The Casualty Actuarial Society (CAS) is a professional society of actuaries specializing in property and casualty insurance.

The two levels of CAS membership are Associate (ACAS) and Fellow (FCAS). Requirements for these levels of membership include a comprehensive series of exams. Topics covered in the exams include statistics, mathematics, finance, economics, insurance, enterprise risk management, and actuarial science. Another class of CAS membership, Affiliate, includes qualified actuaries who practice in property-casualty insurance but do not meet the qualifications to become an Associate or Fellow.

History
The society was founded in 1914 and originally named the Casualty Actuarial and Statistical Society. The present name was adopted in 1921. The society's first president was I. M. Rubinow, who played a key role in its formation. There were 97 founding members of the society.

The CAS was at first primarily concerned with problems of workers compensation insurance, which was introduced in the U.S. in the early 20th century. Eventually members of the society worked on all types of property-casualty insurance, including coverages for automobiles, homes and businesses. The society has now grown to over 9,100 members. Although the majority of members live and practice in the United States, there are CAS members in more than 25 countries around the world.

Members of the CAS are employed by insurance companies, reinsurance companies, insurance brokers, educational institutions, ratemaking organizations, state insurance departments, the federal government, independent consulting firms, and non-traditional employers. There are a number of regional affiliates of the CAS, along with several special interest sections. , there are 4,015 Fellows, 1,817 Associates, and 20 Affiliate members of CAS.

Examinations
The CAS requires all candidates to qualify through a series of actuarial exams covering various aspects of actuarial practice. Passing Exam 1-6 as well as Exam S, the Course on Professionalism, the Validation by Educational Experience (VEE), and two online courses qualifies an actuary for the Associateship designation; passing three additional exams is required to become a Fellow. The exam process usually takes a long time to complete, often near a decade, due to the low pass ratios and the difficulty of the syllabus material.
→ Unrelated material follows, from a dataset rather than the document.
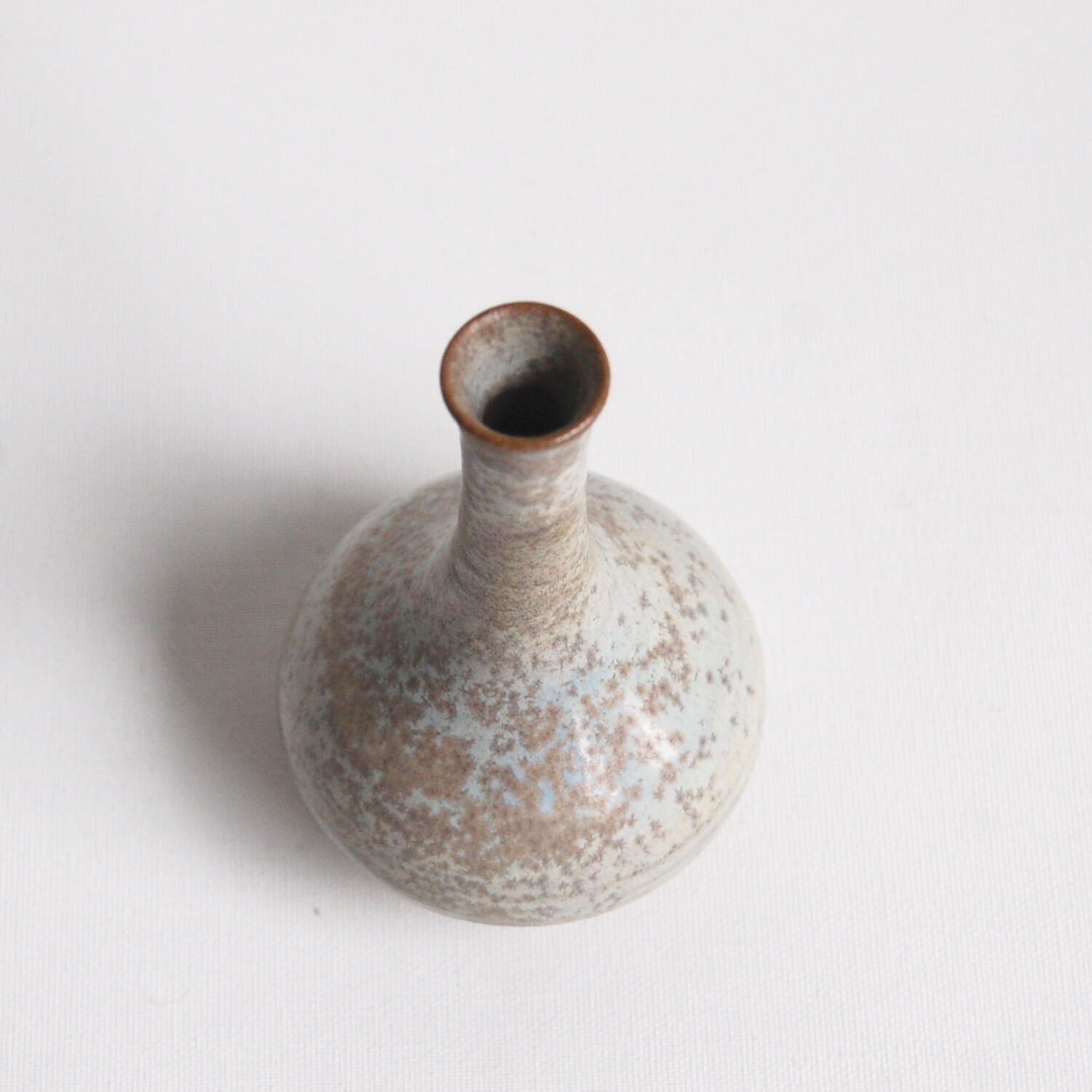 White critallized soliflore vase Antonio Lampecco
A number of the earlier exams are conducted jointly with the Society of Actuaries (SOA), and a relatively few actuaries have qualified as members of both the CAS and the SOA.

The subject matter covered on each of the VEE and nine other CAS components is as follows:

Validation by Educational Experience exams
There are two exams for economics and corporate finance.

Preliminary exams
The first five components, known as "Preliminary Exams" consist largely of core mathematics related to actuarial science including probability, statistics, interest theory, and risk models. Exams 1, 2, & 3F (known to the SOA as P, FM, and IFM) are common to both the SOA and the CAS.
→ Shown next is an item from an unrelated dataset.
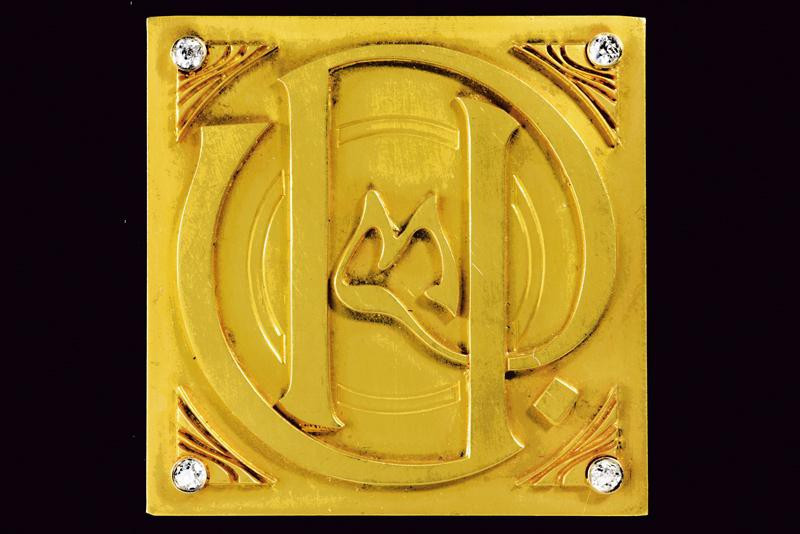 dating: 1904 provenance: Kingdom of Italy, Square plaque made of gold, donated b...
This joint sponsorship allows students to work on some of the initial requirements before they choose a specific discipline to pursue. The syllabus has a tendency to be adjusted regularly, which makes comparing exams from different 5-year blocks somewhat difficult.

Upper-level exams

Publications and research
The society's members publish a large number of research papers on various aspects of property-casualty actuarial science. The society's oldest and most prestigious research publication was the annual Proceedings of the Casualty Actuarial Society which was published from 1914–2005. In 2006 the Proceedings no longer contained research papers but only administrative material in combination with the Society's Yearbook. Peer-reviewed research is now published in Variance which focuses on both practical and theoretical research in non-life actuarial science and related areas in the science of risk. Variance's current editor-in-chief is Richard W. Gorvett (University of Illinois). Non-peer reviewed research is published in the CAS E-Forum.

Meetings and administrative structure
The society holds two general meetings each year for the presentation of research papers and discussions about actuarial topics. Several other meetings, specializing in topics such as ratemaking, predictive modeling, loss reserving, or reinsurance are offered each year, along with a series of limited attendance seminars. Each of the regional affiliates also holds regular meetings.

Many members of the CAS are also members of the American Academy of Actuaries, the U.S. umbrella group for actuaries of all specialties. A smaller number are members of the Canadian Institute of Actuaries, the national organization of the actuarial profession in Canada.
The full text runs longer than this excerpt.